Sometimes—rarely over the years and then almost exclusively over the last few months—Mike’s dreams changed into very regular and specific nightmares. In those dreams he would be walking through a dark swampy hollow. The bushes and trees around him were on fire and there were people lying everywhere. Dead people, covered in blood, torn apart. In those dreams Mike always carried a samurai sword, a katana, in his hands, which was odd because in his adventure dreams Iron Mike Sweeney always used either a blaster or a big knight’s sword, never one of the slender Japanese blades, but in these new dreams it was always a katana, and its blade was always smeared with bright blood.
In these dreams the dead people were people Mike knew. Crow was there a lot, and he almost always wore a big tank on his back of the kind that exterminators or lawn-care guys wore, and the hose was clutched in Crow’s dead hand. The only part of him that wasn’t covered in blood was the front of his T-shirt, which showed the logo for band called Missing 84, which Mike had never heard of. Crow’s fiancée was usually alive, but she’d been beaten to her knees and was weeping over the body of her father, Henry Guthrie. There were other people: Dr. Weinstock from the hospital, sprawled with his throat torn out, and the chief of police sitting with his back propped against a tree and his legs spread, a piss stain spreading on his pants as he dribbled blood from his nose and mouth and ears. Others, too, like his mom. She wasn’t dead, but stood naked and covered in blood—and when he was awake Mike wondered how sick it was that he dreamed of his mother naked and tried to imagine how much of his life would be spent in therapy because of that image—and his mom was laughing as the forest burned and people died. There was a dark man standing next to her, also laughing, but he was hazy like an out-of-focus photograph and Mike could discern no details.

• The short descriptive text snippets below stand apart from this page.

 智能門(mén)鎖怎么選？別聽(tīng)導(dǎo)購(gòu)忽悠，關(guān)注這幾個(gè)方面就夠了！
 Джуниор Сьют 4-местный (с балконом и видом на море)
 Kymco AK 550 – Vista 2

Last night Mike had been through that dream again, all of the familiar images of pain and loss and horror, all the way up to the point where a shadow passed over Mike and he turned to see what had cast it. He turned and looked up…and up and it stood there: impossibly huge, monstrous, towering above the flames, laughing in a voice that rumbled like thunder. A vast creature like something out of horror movies, with hairy goatlike legs, the muscular torso of a man, a whipping tail with a barbed point, and vast black wings. A mouth that was filled with teeth the size of daggers and horns that were splashed with gore. A monster Mike had seen on TV and in films and that he’d read about in books, but though this was the form of the devil in every aspect, Mike knew that even its shape and appearance were a lie. A special effect, or at least done for effect. Not that it made the creature any less terrifying. If anything, the deliberate choosing of this image—an aspect intended to be reviled and feared on a primal level—showed the subtlety and mockery of the beast. In these dreams the monster would spread its great arms as if to encompass the burning hollow, the forests, the town, and the world, and he would hiss “Mine!” just before reaching for Mike.

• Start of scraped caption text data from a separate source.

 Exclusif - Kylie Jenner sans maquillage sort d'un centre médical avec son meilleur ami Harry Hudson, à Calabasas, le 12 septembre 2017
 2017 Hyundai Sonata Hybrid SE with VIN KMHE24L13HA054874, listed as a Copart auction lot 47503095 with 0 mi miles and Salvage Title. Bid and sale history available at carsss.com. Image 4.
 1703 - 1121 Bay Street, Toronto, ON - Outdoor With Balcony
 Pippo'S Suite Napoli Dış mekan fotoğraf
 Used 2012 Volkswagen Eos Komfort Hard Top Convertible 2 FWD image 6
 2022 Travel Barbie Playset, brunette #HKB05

This is how his dreams had started last night, and then at the moment those massive hands were closing around him the dream changed as abruptly as if someone had clicked a TV remote and immediately Mike was on his bicycle out on A-32, pedaling fit to burst his heart, his breath burning in his throat, as behind him the Wrecker barreled down on him, its horn blaring like the howl of a hellhound and the spiked bars of its chrome grille breaking apart in the middle to form two rows of jagged metal fangs. That dream also played itself out, all the way to the point where the wheels of the trucks rolled over him from the toes upward, pulverizing his bones and pulping his flesh while worlds of fire exploded in every cell and his mind absorbed all of it without escape.